2005 Workshop on RISA Science Policy
August 15-17, 2005

East-West Center
Honolulu, Hawaii


Final Workshop Report
Participant List
Image Gallery from Workshop
RISA Reports

SPARC, is focused on climate science policy, that is the process for and outcomes associated with setting priorities for scientific research under the CCSP in support of meeting the needs of policymakers.

SPARC convened a workshop to compare and assess science policy decision making across the RISA programs. Our expectation was that the RISAs would be a fruitful place to look for lesson on integrating the concerns of stakeholders with knowledge of climate science to develop scientific research priorities. With the workshop we sought out to distill lessons from the RISA programs approach to science policy for the broader CCSP (USGCRP/CCRI).

In April, 2002, the House Science Committee held a hearing to explore the connections of climate science and the needs of decision makers. The hearing charter included the following question : “Are our climate research efforts focused on the right questions?” And by “right questions” the Committee clearly meant questions whose answers are likely to lead to useful information to decision makers.

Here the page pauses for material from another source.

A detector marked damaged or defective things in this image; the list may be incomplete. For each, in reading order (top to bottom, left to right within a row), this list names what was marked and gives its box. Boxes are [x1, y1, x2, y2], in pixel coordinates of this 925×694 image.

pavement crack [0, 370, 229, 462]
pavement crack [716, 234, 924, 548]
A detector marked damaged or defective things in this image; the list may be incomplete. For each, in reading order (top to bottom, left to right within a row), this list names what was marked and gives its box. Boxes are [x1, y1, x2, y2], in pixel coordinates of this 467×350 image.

The Science Committee’s hearing highlighted the role of the NOAA Regional Integrated Sciences and Assessments (RISA) as a promising means to connect decision making needs with the research prioritization process:

“One approach to producing policy-relevant information is the regional assessment model, developed within NOAA and other agencies, that attempts to build a regional-scale picture of the interaction between climate change and the local environment from the ground up. By funding research on climate and environmental science focused on a particular region, [the RISA] program currently supports interdisciplinary research on climate-sensitive issues in five selected regions around the country. Each region has its own distinct set of vulnerabilities to climate change, e.g., water supply, fisheries, agriculture, etc., and RISA's research is focused on questions specific to each region. The regional assessments are developed in consultation with local stakeholders such as resource managers, farmers, and emergency responders. RISA has been called a step in the right direction by some, although the program is small (approximately $4 million in FY 2003), while others view it as a model that could guide some of the larger efforts within USGCRP.”

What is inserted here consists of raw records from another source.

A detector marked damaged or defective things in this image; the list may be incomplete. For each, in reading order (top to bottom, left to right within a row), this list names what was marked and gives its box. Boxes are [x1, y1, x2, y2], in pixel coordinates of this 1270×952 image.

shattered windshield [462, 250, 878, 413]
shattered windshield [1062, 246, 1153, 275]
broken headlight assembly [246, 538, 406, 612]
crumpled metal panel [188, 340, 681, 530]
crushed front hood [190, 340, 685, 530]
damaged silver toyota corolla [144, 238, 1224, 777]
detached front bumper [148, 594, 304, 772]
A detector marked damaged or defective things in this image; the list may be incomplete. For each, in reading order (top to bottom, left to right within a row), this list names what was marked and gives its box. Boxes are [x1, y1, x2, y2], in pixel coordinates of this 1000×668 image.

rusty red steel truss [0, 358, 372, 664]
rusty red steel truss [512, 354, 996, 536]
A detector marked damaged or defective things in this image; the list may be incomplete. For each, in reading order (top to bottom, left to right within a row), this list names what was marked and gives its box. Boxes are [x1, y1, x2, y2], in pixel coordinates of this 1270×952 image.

The RISA program is now 10 years old and has developed a significant body of experience in working to establish a two-way connection between decision makers and interdisciplinary science and assessment. This experience provides a rich resource for drawing lessons from the various RISA projects on how science priorities might be set, research implemented, and the resulting output transferred to operational agencies in support of the needs of decision makers.

Our 2005 workshop, hosted by the Hawaii and Pacific Islands RISA in Honolulu, HI, brought together ~30 participants from each of the RISA teams to address the questions such as the following:

1. How are stakeholders’ needs reflected in the research prioritization process?
2. How are stakeholders’ needs assessed and evaluated?
3. How does each RISA prioritize areas of research and assessment to which to devote its resources?
4. How does each RISA evaluate its resource allocation decisions?

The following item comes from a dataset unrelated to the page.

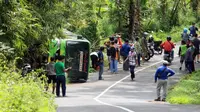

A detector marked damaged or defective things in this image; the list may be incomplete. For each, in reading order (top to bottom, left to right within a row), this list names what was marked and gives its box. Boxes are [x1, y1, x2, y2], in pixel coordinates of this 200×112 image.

overturned bus [49, 30, 90, 82]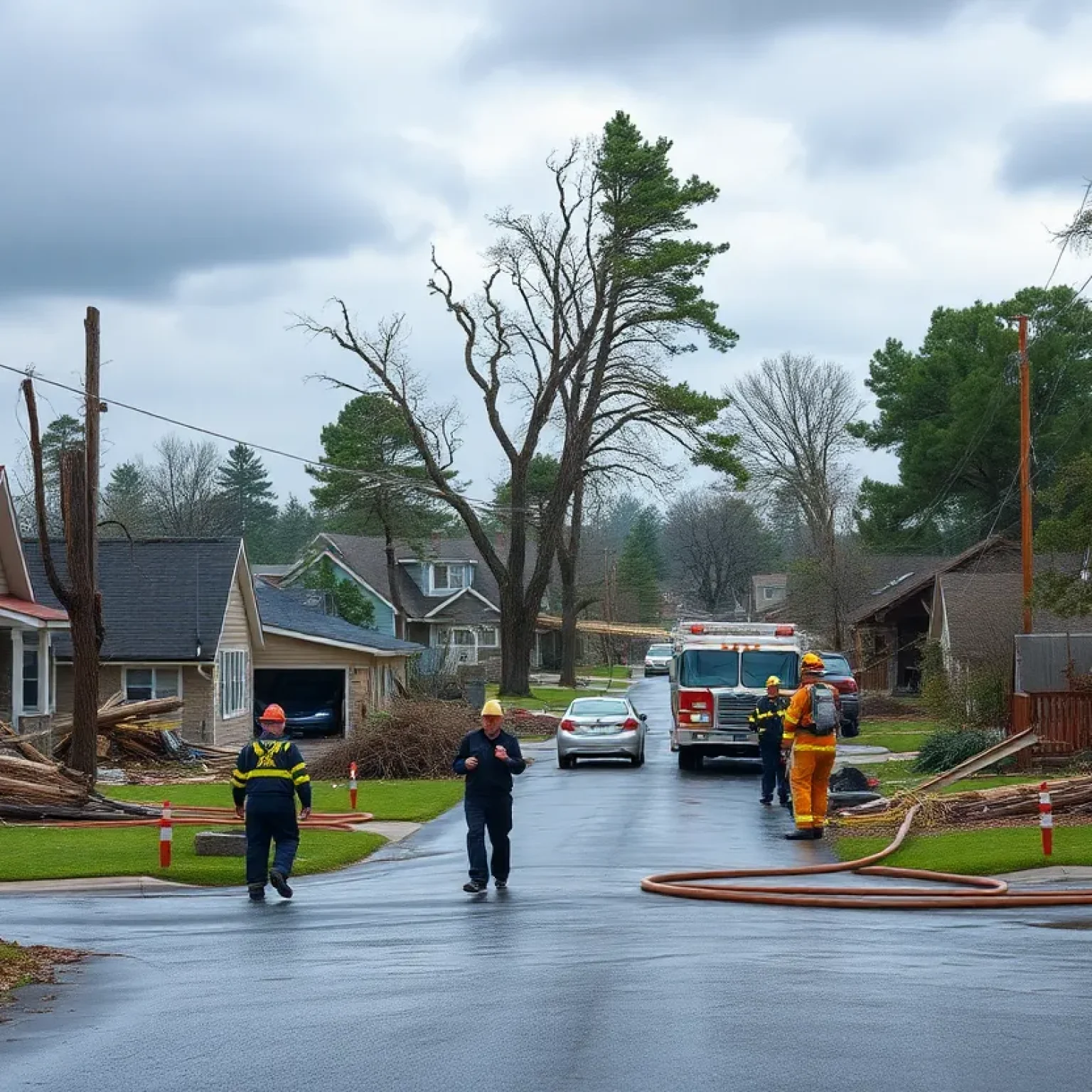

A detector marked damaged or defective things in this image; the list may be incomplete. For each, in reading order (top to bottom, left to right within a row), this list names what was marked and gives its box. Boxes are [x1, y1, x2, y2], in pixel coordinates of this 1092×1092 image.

Participants came from each of the NOAA RISA projects, the SPARC team, as well as others with expertise in science policy and climate.

The overarching goal of the workshop was to distill from the RISA projects those processes, institutions and other conditions that facilitate making decisions about climate science research priorities that lead to useful information for decision makers. We evaluated the extent to which climate science policy in the RISAs can serve as “a model that could guide some of the larger efforts within USGCRP.”

In addition to the workshop itself, products will include a report and preparation of at least one article for submission to a peer-reviewed journal.